--- Exercise ---
An exact copy of every record below is needed, with the pictures left out.

--- Material provided ---
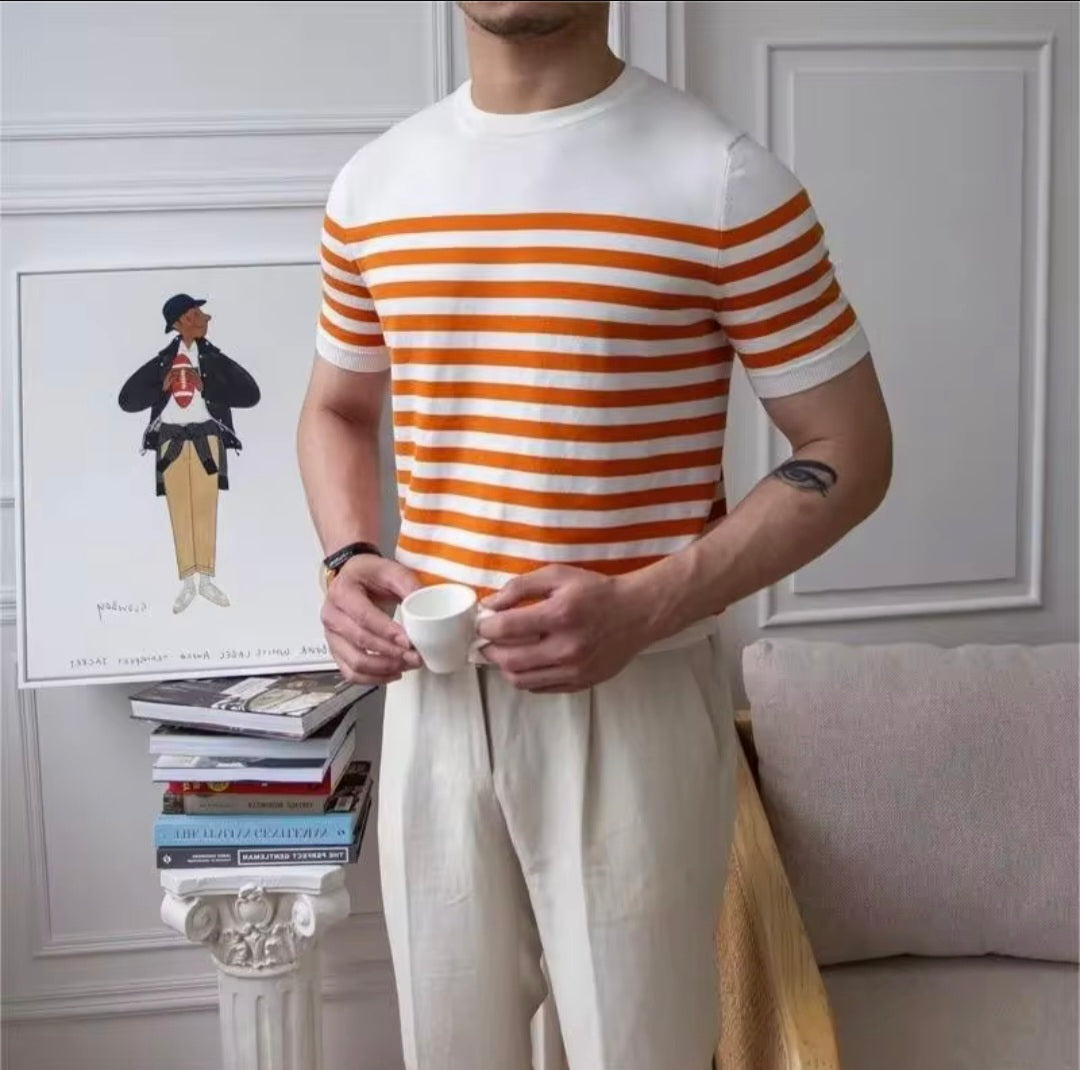 Hugo | Camiseta de Hombre a Rayas Estilo Británico - PaulaMilan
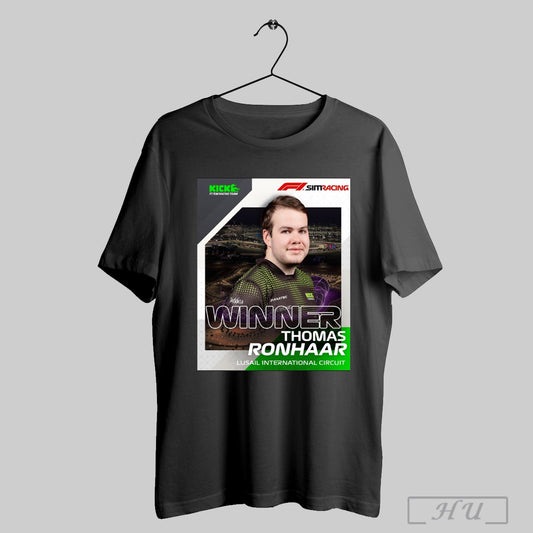 Trending F1 Esports Sim Racing Team Winner Thomas Ronhaar Lusail International Circuit 2025 Poster T Shirt Sweatshirt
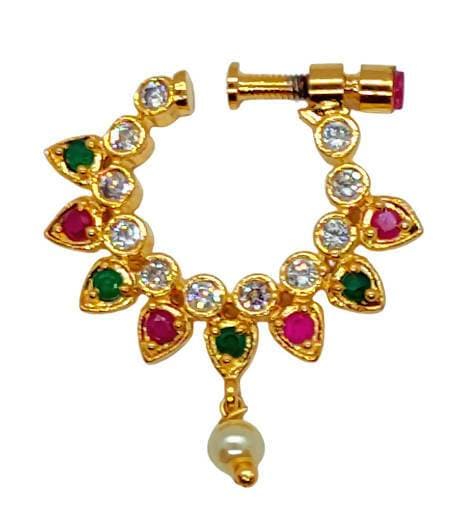 Multicolor AD Latest Nose Ring | Swadesiicart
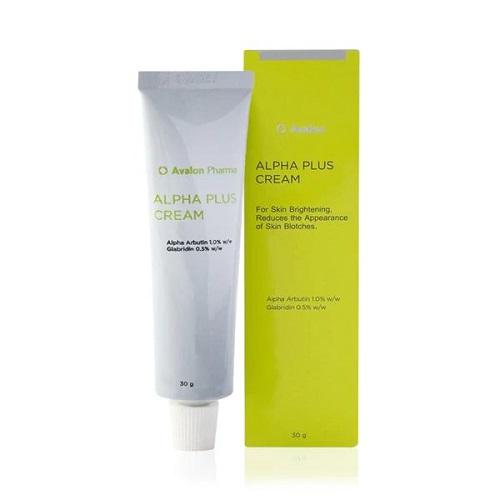 Avalon Pharma Alpha Plus Cream for Skin Brightening and Reduce Blotches 30g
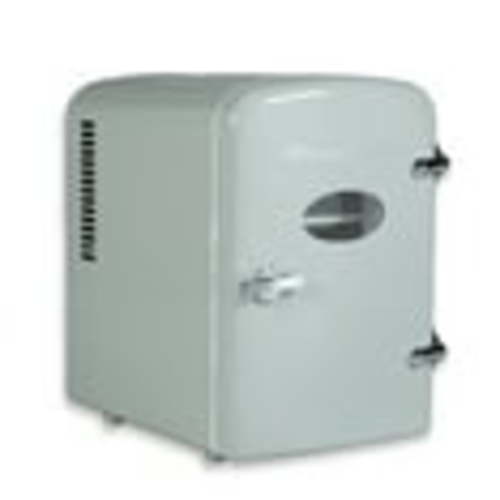 Frigidaire Retro 6 Can Mini Beverage/Skincare Cooler, Moonbeam, 4L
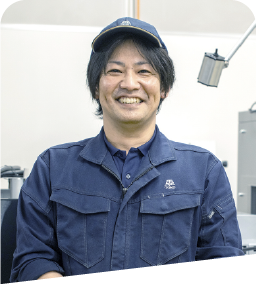 製造部 製造1課 主任2000年入社の社員
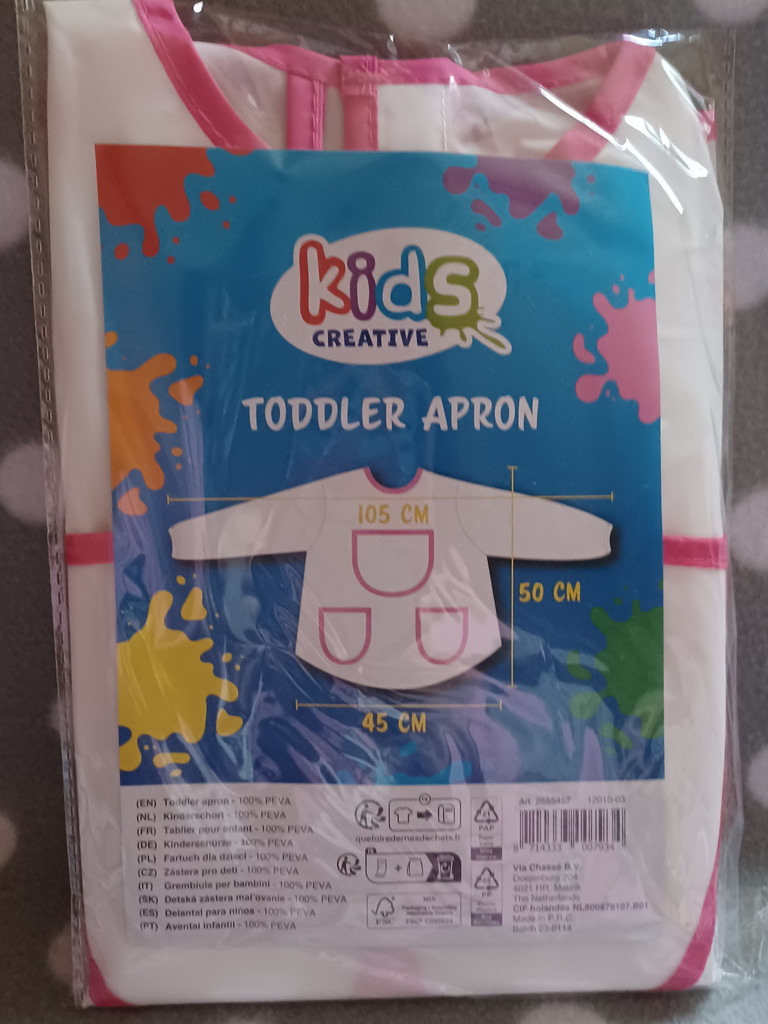 Kinderschürze zum Basteln & Malen für kleine creative Köpfe Kinderschürze zum Basteln & Malen für kleine creative Köpfe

--- Answer box ---
 Hugo | Camiseta de Hombre a Rayas Estilo Británico - PaulaMilan
 Trending F1 Esports Sim Racing Team Winner Thomas Ronhaar Lusail International Circuit 2025 Poster T Shirt Sweatshirt
 Multicolor AD Latest Nose Ring | Swadesiicart
 Avalon Pharma Alpha Plus Cream for Skin Brightening and Reduce Blotches 30g
 Frigidaire Retro 6 Can Mini Beverage/Skincare Cooler, Moonbeam, 4L
 製造部 製造1課 主任2000年入社の社員
 Kinderschürze zum Basteln & Malen für kleine creative Köpfe Kinderschürze zum Basteln & Malen für kleine creative Köpfe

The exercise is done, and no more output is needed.